__Task to carry out__:
Take the entries below and print, exactly, the stretch from the line containing "Computex-2007, фото 15" through the line containing "-老白清真烧烤(锦州旗舰店)", both included.

__Available data__:
[Start of section]
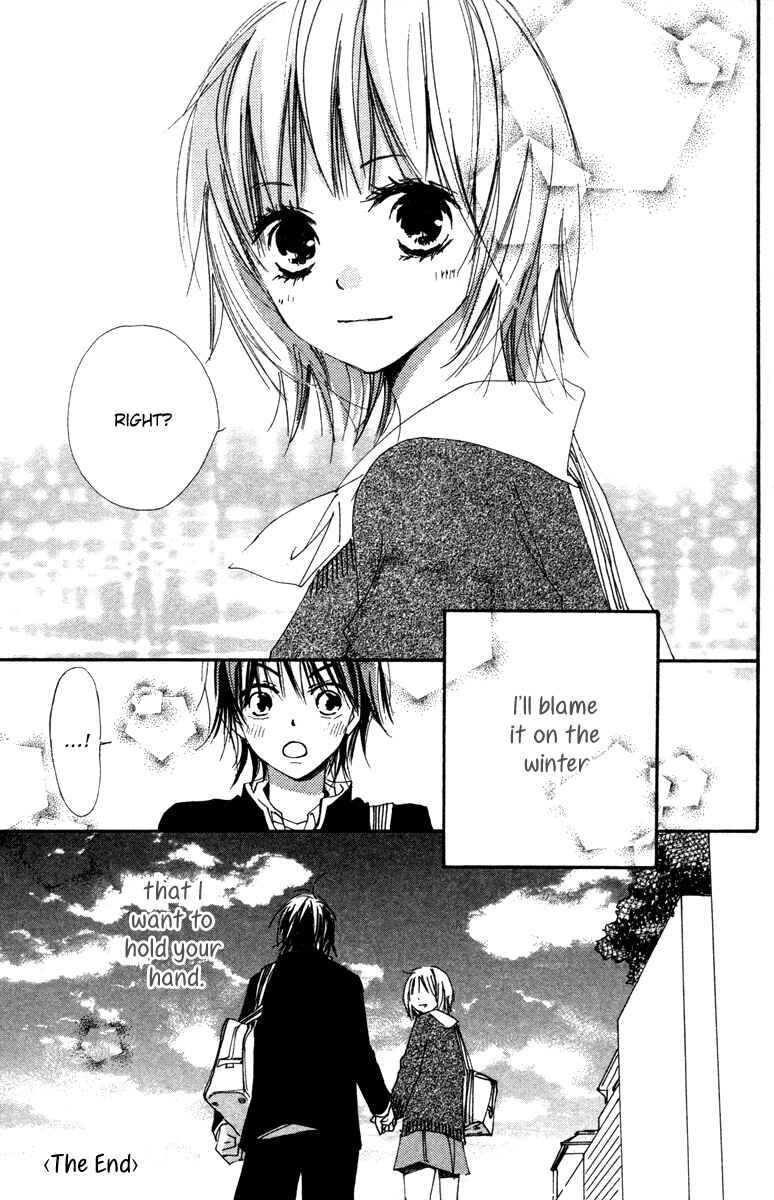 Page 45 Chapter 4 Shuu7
[End of section]
[Start of section]
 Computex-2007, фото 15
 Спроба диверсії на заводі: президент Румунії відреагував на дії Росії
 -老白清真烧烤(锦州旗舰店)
[End of section]
[Start of section]
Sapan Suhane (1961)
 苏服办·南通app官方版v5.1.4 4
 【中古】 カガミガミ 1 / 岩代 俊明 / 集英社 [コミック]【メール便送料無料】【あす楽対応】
[End of section]
__Answer box__:
 Computex-2007, фото 15
 Спроба диверсії на заводі: президент Румунії відреагував на дії Росії
 -老白清真烧烤(锦州旗舰店)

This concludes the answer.